__EXERCISE DESCRIPTION__.
Copy all records verbatim.

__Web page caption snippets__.
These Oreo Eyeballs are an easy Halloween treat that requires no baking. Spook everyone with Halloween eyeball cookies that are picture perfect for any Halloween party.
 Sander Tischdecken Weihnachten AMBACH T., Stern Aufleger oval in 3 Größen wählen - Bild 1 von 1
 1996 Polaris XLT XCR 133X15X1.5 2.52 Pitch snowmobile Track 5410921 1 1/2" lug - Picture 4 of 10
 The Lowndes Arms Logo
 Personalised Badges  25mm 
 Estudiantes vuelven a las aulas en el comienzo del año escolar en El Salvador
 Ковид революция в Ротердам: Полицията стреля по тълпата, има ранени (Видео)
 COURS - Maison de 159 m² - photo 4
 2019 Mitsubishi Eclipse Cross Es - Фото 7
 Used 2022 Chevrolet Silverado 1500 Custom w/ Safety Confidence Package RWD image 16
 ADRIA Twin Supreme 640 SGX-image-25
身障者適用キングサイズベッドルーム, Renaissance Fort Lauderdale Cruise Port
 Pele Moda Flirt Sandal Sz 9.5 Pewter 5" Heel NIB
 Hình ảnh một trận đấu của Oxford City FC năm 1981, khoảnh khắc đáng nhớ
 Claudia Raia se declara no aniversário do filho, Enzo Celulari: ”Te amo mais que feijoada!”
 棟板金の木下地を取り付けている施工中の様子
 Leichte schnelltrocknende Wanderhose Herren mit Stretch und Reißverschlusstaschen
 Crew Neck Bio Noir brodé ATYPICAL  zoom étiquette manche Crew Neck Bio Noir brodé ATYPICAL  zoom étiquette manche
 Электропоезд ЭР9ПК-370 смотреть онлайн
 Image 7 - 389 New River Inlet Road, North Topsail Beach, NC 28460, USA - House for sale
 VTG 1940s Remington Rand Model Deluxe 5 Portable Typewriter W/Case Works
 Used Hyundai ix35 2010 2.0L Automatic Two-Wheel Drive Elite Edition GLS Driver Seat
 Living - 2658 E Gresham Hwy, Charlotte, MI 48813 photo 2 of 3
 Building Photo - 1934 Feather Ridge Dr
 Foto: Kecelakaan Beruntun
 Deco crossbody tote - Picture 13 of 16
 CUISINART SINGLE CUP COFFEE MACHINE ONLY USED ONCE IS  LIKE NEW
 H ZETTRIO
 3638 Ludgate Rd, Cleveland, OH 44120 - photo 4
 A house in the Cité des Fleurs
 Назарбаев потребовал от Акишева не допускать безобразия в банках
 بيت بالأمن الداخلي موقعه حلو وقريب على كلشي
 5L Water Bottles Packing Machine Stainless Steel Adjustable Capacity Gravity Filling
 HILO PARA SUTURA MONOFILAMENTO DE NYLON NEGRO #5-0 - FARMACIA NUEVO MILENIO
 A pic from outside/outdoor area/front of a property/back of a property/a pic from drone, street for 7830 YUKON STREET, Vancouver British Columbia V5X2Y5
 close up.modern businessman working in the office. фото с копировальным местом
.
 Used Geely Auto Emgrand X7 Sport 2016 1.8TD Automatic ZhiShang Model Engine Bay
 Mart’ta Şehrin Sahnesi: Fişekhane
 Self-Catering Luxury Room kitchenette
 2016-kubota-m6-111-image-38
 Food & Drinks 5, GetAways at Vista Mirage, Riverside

__ANSWER__.
These Oreo Eyeballs are an easy Halloween treat that requires no baking. Spook everyone with Halloween eyeball cookies that are picture perfect for any Halloween party.
 Sander Tischdecken Weihnachten AMBACH T., Stern Aufleger oval in 3 Größen wählen - Bild 1 von 1
 1996 Polaris XLT XCR 133X15X1.5 2.52 Pitch snowmobile Track 5410921 1 1/2" lug - Picture 4 of 10
 The Lowndes Arms Logo
 Personalised Badges  25mm 
 Estudiantes vuelven a las aulas en el comienzo del año escolar en El Salvador
 Ковид революция в Ротердам: Полицията стреля по тълпата, има ранени (Видео)
 COURS - Maison de 159 m² - photo 4
 2019 Mitsubishi Eclipse Cross Es - Фото 7
 Used 2022 Chevrolet Silverado 1500 Custom w/ Safety Confidence Package RWD image 16
 ADRIA Twin Supreme 640 SGX-image-25
身障者適用キングサイズベッドルーム, Renaissance Fort Lauderdale Cruise Port
 Pele Moda Flirt Sandal Sz 9.5 Pewter 5" Heel NIB
 Hình ảnh một trận đấu của Oxford City FC năm 1981, khoảnh khắc đáng nhớ
 Claudia Raia se declara no aniversário do filho, Enzo Celulari: ”Te amo mais que feijoada!”
 棟板金の木下地を取り付けている施工中の様子
 Leichte schnelltrocknende Wanderhose Herren mit Stretch und Reißverschlusstaschen
 Crew Neck Bio Noir brodé ATYPICAL  zoom étiquette manche Crew Neck Bio Noir brodé ATYPICAL  zoom étiquette manche
 Электропоезд ЭР9ПК-370 смотреть онлайн
 Image 7 - 389 New River Inlet Road, North Topsail Beach, NC 28460, USA - House for sale
 VTG 1940s Remington Rand Model Deluxe 5 Portable Typewriter W/Case Works
 Used Hyundai ix35 2010 2.0L Automatic Two-Wheel Drive Elite Edition GLS Driver Seat
 Living - 2658 E Gresham Hwy, Charlotte, MI 48813 photo 2 of 3
 Building Photo - 1934 Feather Ridge Dr
 Foto: Kecelakaan Beruntun
 Deco crossbody tote - Picture 13 of 16
 CUISINART SINGLE CUP COFFEE MACHINE ONLY USED ONCE IS  LIKE NEW
 H ZETTRIO
 3638 Ludgate Rd, Cleveland, OH 44120 - photo 4
 A house in the Cité des Fleurs
 Назарбаев потребовал от Акишева не допускать безобразия в банках
 بيت بالأمن الداخلي موقعه حلو وقريب على كلشي
 5L Water Bottles Packing Machine Stainless Steel Adjustable Capacity Gravity Filling
 HILO PARA SUTURA MONOFILAMENTO DE NYLON NEGRO #5-0 - FARMACIA NUEVO MILENIO
 A pic from outside/outdoor area/front of a property/back of a property/a pic from drone, street for 7830 YUKON STREET, Vancouver British Columbia V5X2Y5
 close up.modern businessman working in the office. фото с копировальным местом
.
 Used Geely Auto Emgrand X7 Sport 2016 1.8TD Automatic ZhiShang Model Engine Bay
 Mart’ta Şehrin Sahnesi: Fişekhane
 Self-Catering Luxury Room kitchenette
 2016-kubota-m6-111-image-38
 Food & Drinks 5, GetAways at Vista Mirage, Riverside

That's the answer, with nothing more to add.